DATA RECORDS
::::::
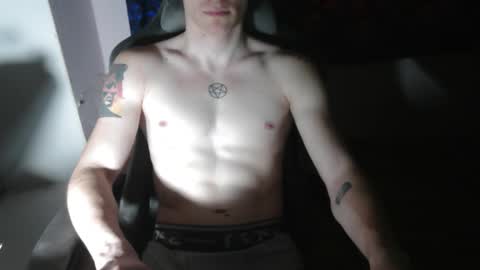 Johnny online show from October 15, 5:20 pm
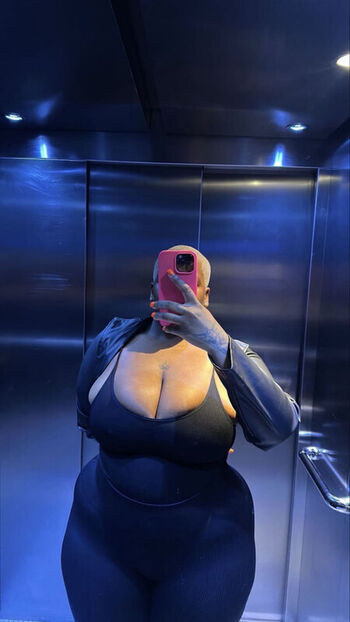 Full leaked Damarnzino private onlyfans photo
::::::
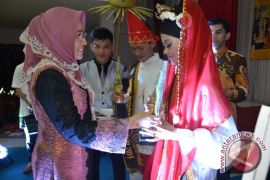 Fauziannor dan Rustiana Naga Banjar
::::::
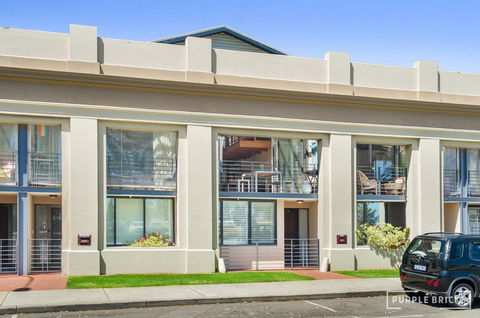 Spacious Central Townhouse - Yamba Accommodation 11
::::::
Copy word for word the span of the records above that begins at the line with "Johnny online show from October 15, 5:20 pm" and ends at the line with "Full leaked Damarnzino", including those two lines but not the pictures.

SOLUTION FOR THIS TASK
 Johnny online show from October 15, 5:20 pm
 Full leaked Damarnzino private onlyfans photo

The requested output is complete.